Cela ressemble à un revers pour Meta, un de plus. Mercredi, le Comité européen de la protection des données (CEPD) a émis un avis défavorable sur le principe de “pay or consent”, consistant à proposer un abonnement payant comme seule alternative pour les internautes qui ne souhaitent pas que leurs données personnelles soient utilisées à des fins publicitaires. Ces dernières “ne peuvent pas être considérées comme une marchandise”, souligne l’organisme, qui regroupe les Cnil européennes. Et d’ajouter que “le droit fondamental à la protection des données” ne peut être transformé en option payante. Cette décision ne cite pas directement la maison mère de Facebook et d’Instagram. Mais elle pourrait signifier que l’offre payante qu’elle a lancée l’an passé ne lui permet pas de respecter, enfin, le Règlement général sur la protection des données.
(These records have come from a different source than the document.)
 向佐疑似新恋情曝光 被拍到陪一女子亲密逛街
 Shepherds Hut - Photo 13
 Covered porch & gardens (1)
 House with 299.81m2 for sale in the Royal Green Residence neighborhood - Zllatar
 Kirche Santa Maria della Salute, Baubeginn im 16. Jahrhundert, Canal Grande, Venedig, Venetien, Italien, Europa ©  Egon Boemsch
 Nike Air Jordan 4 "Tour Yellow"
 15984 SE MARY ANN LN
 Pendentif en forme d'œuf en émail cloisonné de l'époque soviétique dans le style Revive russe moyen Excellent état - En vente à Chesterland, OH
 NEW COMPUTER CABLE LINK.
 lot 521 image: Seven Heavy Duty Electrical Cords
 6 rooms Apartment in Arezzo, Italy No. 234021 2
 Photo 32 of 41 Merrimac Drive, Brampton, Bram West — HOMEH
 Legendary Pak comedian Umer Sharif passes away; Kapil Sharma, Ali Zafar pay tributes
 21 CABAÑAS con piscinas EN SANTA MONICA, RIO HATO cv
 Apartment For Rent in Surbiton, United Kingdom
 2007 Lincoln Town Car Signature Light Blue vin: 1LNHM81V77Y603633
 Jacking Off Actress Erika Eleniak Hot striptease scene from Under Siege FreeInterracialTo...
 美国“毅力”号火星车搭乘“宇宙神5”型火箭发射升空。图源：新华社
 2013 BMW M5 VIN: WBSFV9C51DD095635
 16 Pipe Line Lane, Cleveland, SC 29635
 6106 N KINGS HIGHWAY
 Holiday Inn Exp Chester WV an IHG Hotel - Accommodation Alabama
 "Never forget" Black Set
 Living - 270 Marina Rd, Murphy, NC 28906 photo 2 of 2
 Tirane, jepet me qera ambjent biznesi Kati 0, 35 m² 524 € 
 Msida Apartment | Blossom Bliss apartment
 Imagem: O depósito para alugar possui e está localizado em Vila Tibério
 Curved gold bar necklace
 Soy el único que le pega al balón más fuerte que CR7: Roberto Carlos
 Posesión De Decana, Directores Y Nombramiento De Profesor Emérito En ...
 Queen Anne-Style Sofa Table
Consentement – Cet abonnement, disponible seulement en Europe à partir de dix euros par mois, permet de surfer sur Facebook et Instagram sans aucune publicité. La société américaine estime que cela lui permet de se mettre en conformité avec le RGPD, qui impose de recueillir le consentement pour le ciblage publicitaire. Depuis des années, Meta cherche en effet une parade pour éviter de mettre en place un consentement classique que de nombreux internautes auraient refusé, handicapant sa capacité de monétisation. À la place, elle a d’abord ajouté cette disposition dans ses conditions d’utilisation, forçant ses membres à donner leur autorisation, généralement sans le savoir. Mais cette pratique a été retoquée par les Cnil. Elle a ensuite tenté d’invoquer le principe “d’intérêt légitime”, prévu dans le RGPD. Sans succès.
“Tarif raisonnable” – Pour justifier son abonnement, Meta s’appuie sur un jugement de la Cour de justice de l’Union européenne, qui ouvrait la voie à une option payante comme forme de consentement, à condition cependant que celle-ci soit proposée à un “tarif raisonnable”. Dans un dossier similaire – les “cookies wall” –, la Cnil française avait émis un jugement similaire. Questionné le mois dernier par Bruxelles, le réseau social s’est dit prêt à ramener son offre à six euros par mois. Le prix le plus bas qu’il peut proposer, assure-t-il, car représentant l’équivalent du revenu publicitaire moyen par mois et par utilisateur sur Facebook. Un argumentaire rejeté par l’association Noyb, menée par l’activiste autrichien Max Schrems, à l’origine de l’invalidation du Privacy Shield, qui a donc saisi fin 2023 la Cnil autrichienne.
Vers une amende ? – Pour Noyb, le principe de “pay or consent” n’est pas compatible avec la notion de “choix libre” prévue dans le RGPD. La preuve, avance-t-elle, seulement 3% à 10% des internautes souhaitent des publicités ciblées, mais 99,9% d’entre eux les acceptent plutôt que de payer. “La plupart des utilisateurs consentent, sans comprendre pleinement les implications de leurs choix”, abonde Anu Talus, la présidente du CEPD. Ainsi, les “grandes plateformes” ne peuvent pas remplacer le consentement par un abonnement “dans la plupart des cas”. Le CEPD promet de publier des lignes directrices ces prochains mois. “Meta n’a plus d’autre choix que d’offrir aux utilisateurs une véritable option oui/non pour la publicité personnalisée”, veut d’ores et déjà croire Max Schrems. Déjà condamnée, la société risque une nouvelle amende.